■ **Records supplied**:
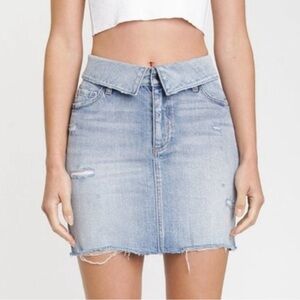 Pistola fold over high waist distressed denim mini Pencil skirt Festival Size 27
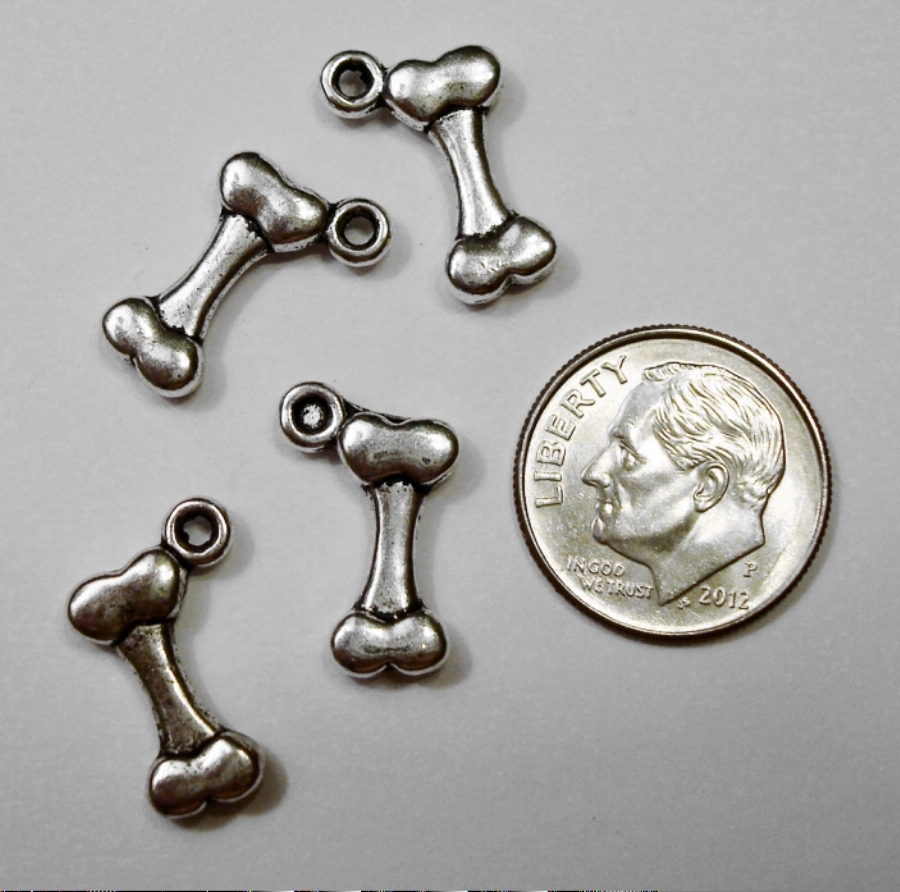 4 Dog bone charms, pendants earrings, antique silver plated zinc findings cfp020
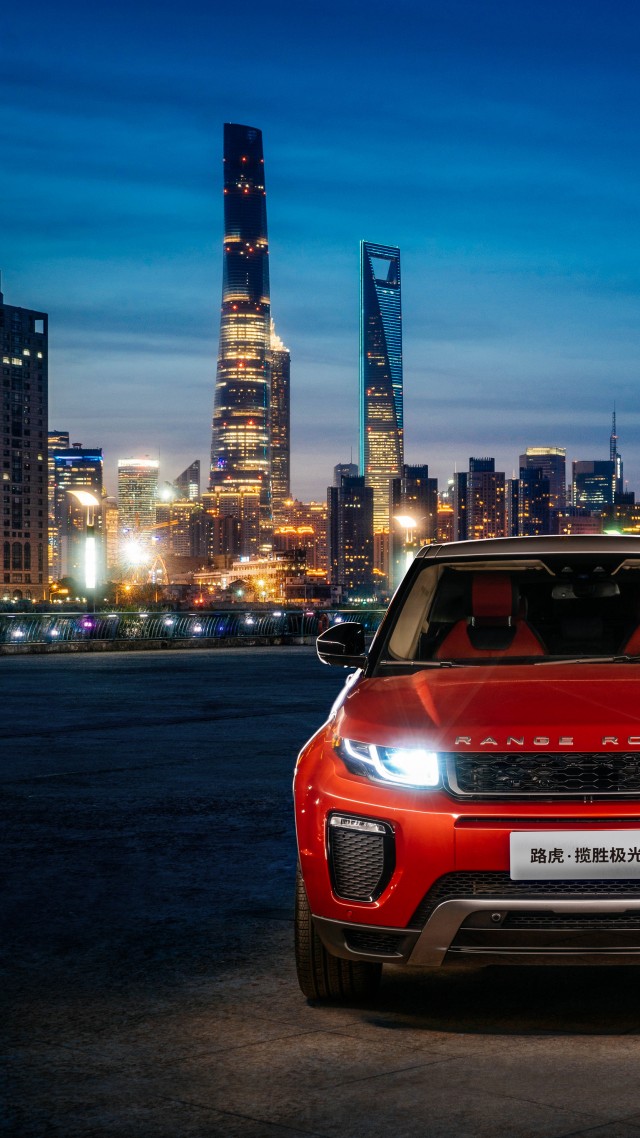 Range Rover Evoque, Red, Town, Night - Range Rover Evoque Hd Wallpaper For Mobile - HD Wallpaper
...
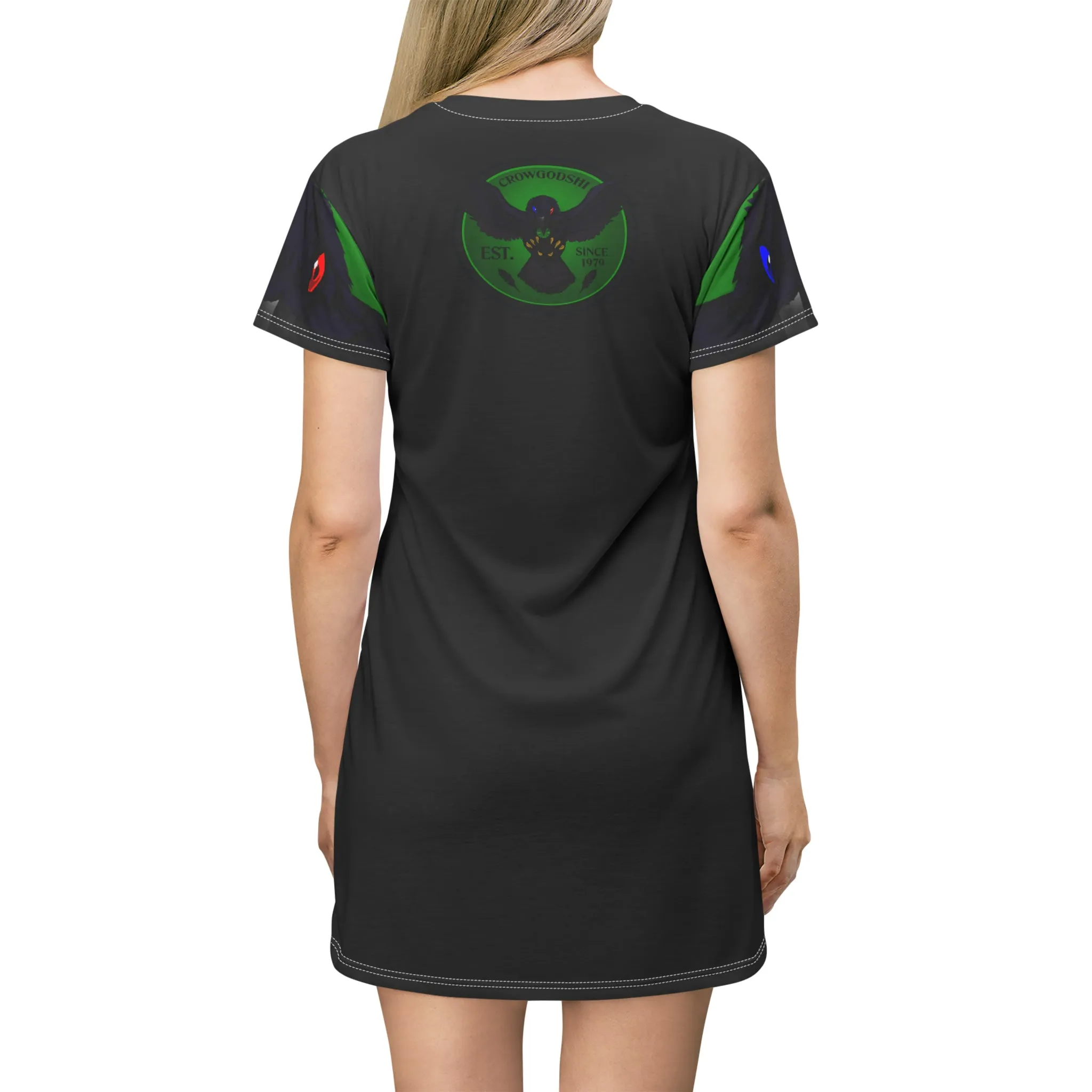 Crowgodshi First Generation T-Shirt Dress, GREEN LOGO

■ **Required work**: Starting at the line with "4 Dog bone charms, pendants" in the entries above, write out every line exactly until the line with "Range Rover Evoque, Red, Town, Night" has been written. Include no pictures and nothing more.

■ **Response**:
 4 Dog bone charms, pendants earrings, antique silver plated zinc findings cfp020
 Range Rover Evoque, Red, Town, Night - Range Rover Evoque Hd Wallpaper For Mobile - HD Wallpaper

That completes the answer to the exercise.